Closed sisco0 closed 2 years ago

sisco0 commented 2 years ago

Solves https://github.com/ARK-Builders/ARK-Navigator/issues/179 through Gitcoin.

A Rust-based solution has been developed to perform the computeId function as described in app/src/main/java/space/taran/arknavigator/mvp/model/repo/index/ResourceId.kt . This Rust library defined function (compute_id following Rust naming conventions) takes into account the same assertions and print the same messages as the Kotlin previous one.

Added to the aforementioned, the library build and testing processes have been added as a Github Actions workflow by using the latest Rust stable release. This workflow has been tested locally by using Act but cache functionality should be tested online.

Please, could you check the functionality is implemented as expected?

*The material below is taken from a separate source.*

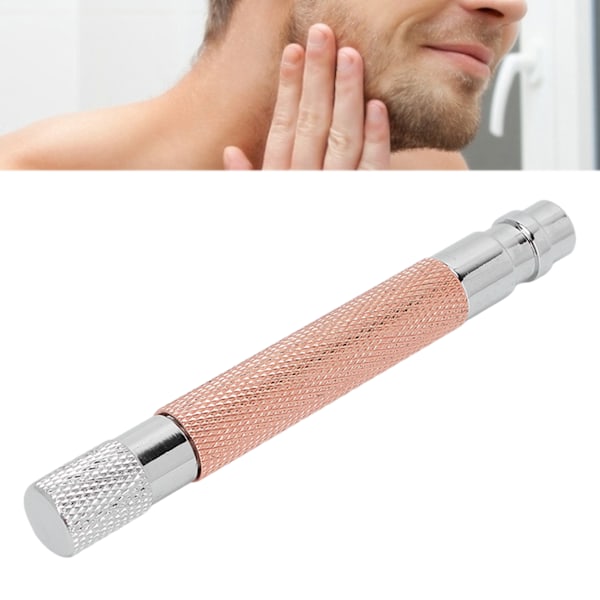 Gammaldags Rakhyvelhandtag Zink Legering Retro Långt Handtag Rakverktyg för Män Barberare Koppar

sisco0 commented 2 years ago

This PR should not be merged yet, as there is the requirement of going further with the integration and using JNI as stated in Rust Docs. I had an issue where the library is not found in the java library paths for some reason, so I would try to clarify this and hopefully, we could have the native fast .so implementation up and running.

kirillt commented 2 years ago

Thank you @sisco0! Yes, we need integration into the app itself, but this looks like a good start. I'll wait till it's embedded into APK and runs together and will review the code afterwards.

mdrlzy commented 2 years ago

Maybe this article will be useful.

sisco0 commented 2 years ago

Thanks for the base article @mdrlzy . The solution was updated for the current native function being integrated into the application. Also added the required dependencies under the Github Actions workflow.

Instrumented test ResourceMetaInstrumentedTest.kt was added as well, where you could run the crc32_iscorrect function for our purpose. Could you review the proposal @kirillt?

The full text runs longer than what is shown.